## Exercise
Below are the records; copy exactly the stretch from the line containing "Enforcement and Effectiveness" through the line containing "George W Bright, George", both ends included, and nothing else.

## Excerpted records
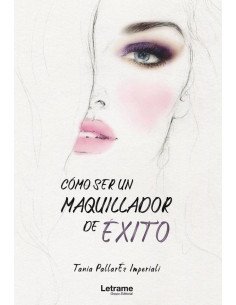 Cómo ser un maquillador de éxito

---

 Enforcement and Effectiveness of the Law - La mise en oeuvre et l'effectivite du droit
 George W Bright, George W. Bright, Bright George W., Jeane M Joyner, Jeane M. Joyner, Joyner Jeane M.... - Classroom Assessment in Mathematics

## Final answer
 Enforcement and Effectiveness of the Law - La mise en oeuvre et l'effectivite du droit
 George W Bright, George W. Bright, Bright George W., Jeane M Joyner, Jeane M. Joyner, Joyner Jeane M.... - Classroom Assessment in Mathematics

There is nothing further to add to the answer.